C'est ce que j'ai mentionné au début de mes remarques ce matin.
Si vous avez un commerce, vous ne travaillez pas seize, 18 ou 20 heures par
jour, vous ne faites pas ça. Mais lorsqu'on entre en politique, c'est
comme un cheval de course, parfois il n'a pas de jambe, mais c'est un cheval de
course. Quand le klaxon se fait entendre, il faut être prêt
à faire son devoir. Je pense qu'il commence à être temps
que le parti au pouvoir, quel qu'il soit, reconnaisse le député
dans le comté parce que le député d'un comté est
plus proche que le gouvernement actuel. Le' représentant du gouvernement
actuel, c'est le député. Si il y a des problèmes, c'est
parce que le député, comme le leader l'a mentionné, et les
hommes dans l'Opposition sont semblables. Vous avez un devoir à remplir.
Quelqu'un qui est malade vient vous voir, vous êtes toujours à
confesser les problèmes qu'il a. Cela est normal. Pour être en
politique aujourd'hui, il faut travailler de seize à vingt heures par
jour.
M. LE PRESIDENT: Je pense que les membres de la commission seraient
peut-être intéressés à avoir l'opinion d'un ministre
par exem- ple. On parle toujours du député, est-ce que ça
comprend aussi les ministres?
M. O'REILLY: M. le Président, les ministres présents.
M. HARDY: M. le Président, avant que l'honorable ministre d'Etat
aux finances exprime son opinion, j'aimerais quand même que M. O'Reilly
poursuive. Il nous a mentionné combien le travail du
député était important. Mais j'aimerais qu'il nous donne
son opinion. Est-ce qu'il considère actuellement que, dans l'ensemble de
la province, si on considère les 108 députés, que la
région métropolitaine est suffisamment représentée?

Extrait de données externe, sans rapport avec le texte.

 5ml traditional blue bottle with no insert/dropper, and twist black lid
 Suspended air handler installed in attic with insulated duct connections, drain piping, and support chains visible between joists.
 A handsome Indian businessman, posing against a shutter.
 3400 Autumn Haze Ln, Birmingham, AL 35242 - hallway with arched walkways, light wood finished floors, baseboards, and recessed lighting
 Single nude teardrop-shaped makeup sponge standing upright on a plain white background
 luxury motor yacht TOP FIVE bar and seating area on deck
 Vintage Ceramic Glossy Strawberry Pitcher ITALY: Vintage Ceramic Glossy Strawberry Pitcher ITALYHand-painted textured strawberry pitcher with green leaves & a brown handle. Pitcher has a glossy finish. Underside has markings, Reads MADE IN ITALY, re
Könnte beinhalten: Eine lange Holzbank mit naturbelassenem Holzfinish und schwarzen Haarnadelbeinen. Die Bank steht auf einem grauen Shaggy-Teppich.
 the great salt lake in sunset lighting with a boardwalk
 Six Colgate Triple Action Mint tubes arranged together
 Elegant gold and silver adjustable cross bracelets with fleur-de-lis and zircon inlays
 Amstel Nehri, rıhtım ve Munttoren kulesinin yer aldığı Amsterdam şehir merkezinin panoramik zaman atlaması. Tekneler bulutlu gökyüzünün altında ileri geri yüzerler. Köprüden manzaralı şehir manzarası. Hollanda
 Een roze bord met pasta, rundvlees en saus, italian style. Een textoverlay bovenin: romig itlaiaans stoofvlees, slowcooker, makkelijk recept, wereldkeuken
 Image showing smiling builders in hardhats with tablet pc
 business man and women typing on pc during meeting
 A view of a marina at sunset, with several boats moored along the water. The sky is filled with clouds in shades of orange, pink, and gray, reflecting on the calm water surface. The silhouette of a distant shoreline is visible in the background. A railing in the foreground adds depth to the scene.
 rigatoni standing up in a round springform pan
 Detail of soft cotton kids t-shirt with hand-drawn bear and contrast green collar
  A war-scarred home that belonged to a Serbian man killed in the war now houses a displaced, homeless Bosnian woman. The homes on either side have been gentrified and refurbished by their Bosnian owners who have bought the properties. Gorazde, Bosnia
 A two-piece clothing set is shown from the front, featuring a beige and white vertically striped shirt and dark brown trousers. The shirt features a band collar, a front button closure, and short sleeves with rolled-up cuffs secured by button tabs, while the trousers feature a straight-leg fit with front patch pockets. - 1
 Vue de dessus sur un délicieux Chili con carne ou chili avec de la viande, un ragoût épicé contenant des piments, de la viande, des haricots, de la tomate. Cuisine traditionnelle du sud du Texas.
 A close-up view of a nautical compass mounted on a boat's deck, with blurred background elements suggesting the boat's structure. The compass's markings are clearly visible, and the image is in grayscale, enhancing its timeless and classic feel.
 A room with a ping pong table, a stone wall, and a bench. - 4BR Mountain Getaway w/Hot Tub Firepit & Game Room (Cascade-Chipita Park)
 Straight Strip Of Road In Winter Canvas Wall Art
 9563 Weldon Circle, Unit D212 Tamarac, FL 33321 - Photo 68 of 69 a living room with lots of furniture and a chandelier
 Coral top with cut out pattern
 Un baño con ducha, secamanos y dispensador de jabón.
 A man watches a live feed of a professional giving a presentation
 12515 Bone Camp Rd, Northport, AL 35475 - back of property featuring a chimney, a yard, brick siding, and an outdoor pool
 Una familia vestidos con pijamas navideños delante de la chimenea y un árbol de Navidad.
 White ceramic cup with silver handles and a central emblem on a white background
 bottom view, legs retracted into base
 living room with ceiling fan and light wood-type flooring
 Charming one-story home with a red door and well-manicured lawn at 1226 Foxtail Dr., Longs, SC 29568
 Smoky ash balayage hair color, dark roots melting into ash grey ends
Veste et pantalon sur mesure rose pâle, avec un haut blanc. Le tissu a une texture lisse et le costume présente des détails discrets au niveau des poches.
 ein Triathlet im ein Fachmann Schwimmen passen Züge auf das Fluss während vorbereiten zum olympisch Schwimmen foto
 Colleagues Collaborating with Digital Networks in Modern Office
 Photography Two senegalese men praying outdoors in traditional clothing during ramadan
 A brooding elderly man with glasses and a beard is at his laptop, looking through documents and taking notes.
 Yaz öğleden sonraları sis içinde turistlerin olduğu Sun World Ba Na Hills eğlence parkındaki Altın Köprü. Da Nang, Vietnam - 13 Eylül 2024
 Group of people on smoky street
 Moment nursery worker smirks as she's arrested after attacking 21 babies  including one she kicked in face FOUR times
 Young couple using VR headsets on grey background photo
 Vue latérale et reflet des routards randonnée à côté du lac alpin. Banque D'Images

Est-ce qu'il y a un assez bon équilibre ou si il ne devrait pas y avoir
une augmentation de la représentation de la grande région
métropolitaine?
J'inclus la rive sud et la rive nord, j'inclus même... Je
considère même que le comté de Terrebonne, pour une grande
partie, fait partie de la région métropolitaine. Est-ce que vous
considérez qu'à l'heure présente la région
métropolitaine de Montréal est suffisamment
représentée par rapport à l'ensemble de la province?
M. O'REILLY: M. le Président, en réponse à monsieur
le leader, ça change beaucoup à Montréal, dans le moment.
Il y a des "high-rise" je ne sais pas s'il y a une expression en
français mais les appartements se construisent. Vous remarquez
qu'un comté comme l'ancien comté de Sainte-Anne qui avait, 16,000
électeurs, aux prochaines élections, avec les grosses
conciergeries aux alentours, cela va changer beaucoup. Je crois qu'à
Pointe-Claire, ce sera semblable. Il y a d'autres comtés, au point de
vue de la construction, comme le comté de Brome, dans les Cantons de
l'Est, il y a d'autres comtés de l'est de Québec qui sont
semblables.
Il y a des problèmes. Je crois que, lorsque vous parlez de
représentation, si vous mentionnez le nombre d'électeurs qu'un
député aimerait mieux avoir le député de
Papineau a mentionné le nombre de 75,000 le devoir d'un
député est très difficile à remplir. Tout le monde
ne vous connaît pas. Je donne un exemple. Hier, j'étais dans un
magasin à Verdun, une dame est entrée et a dit: Cela commence
à être le temps que vous bouchiez les trous dans les rues, M. le
maire. Je ne suis plus maire depuis 1966, et je me promène dans les rues
et dans les magasins, tout le temps. Vous remarquez que cette dame d'expression
anglaise: "Get off your button, block the holes". Je lui ai répondu:
"Telephone your mayor". Elle va y penser seulement après coup. Je ne
suis plus maire depuis 1966.
M. HARDY: Vous avez été un si bon maire qu'elle croit que
vous êtes encore là.
M. O'REILLY: Quand vous faites le travail comme il faut, il faut
commencer de bonne heure le matin et finir tard le soir. Vous ne travaillez pas
pour l'éloge. En politique, vous ne pouvez pas travailler pour les
éloges. Le temps ne vous appartient pas, vous n'avez pas cinq minutes
à vous-même. Ne pensez pas aller à votre maison et ne pas
avoir de visiteur. Vous avez quelqu'un à la porte et quand vous allez
dfner ou souper, c'est pas mal froid. Cela prend une ou deux heures et bien de
la patience. Remarquez que vous avez beaucoup de patience avec moi, ce matin.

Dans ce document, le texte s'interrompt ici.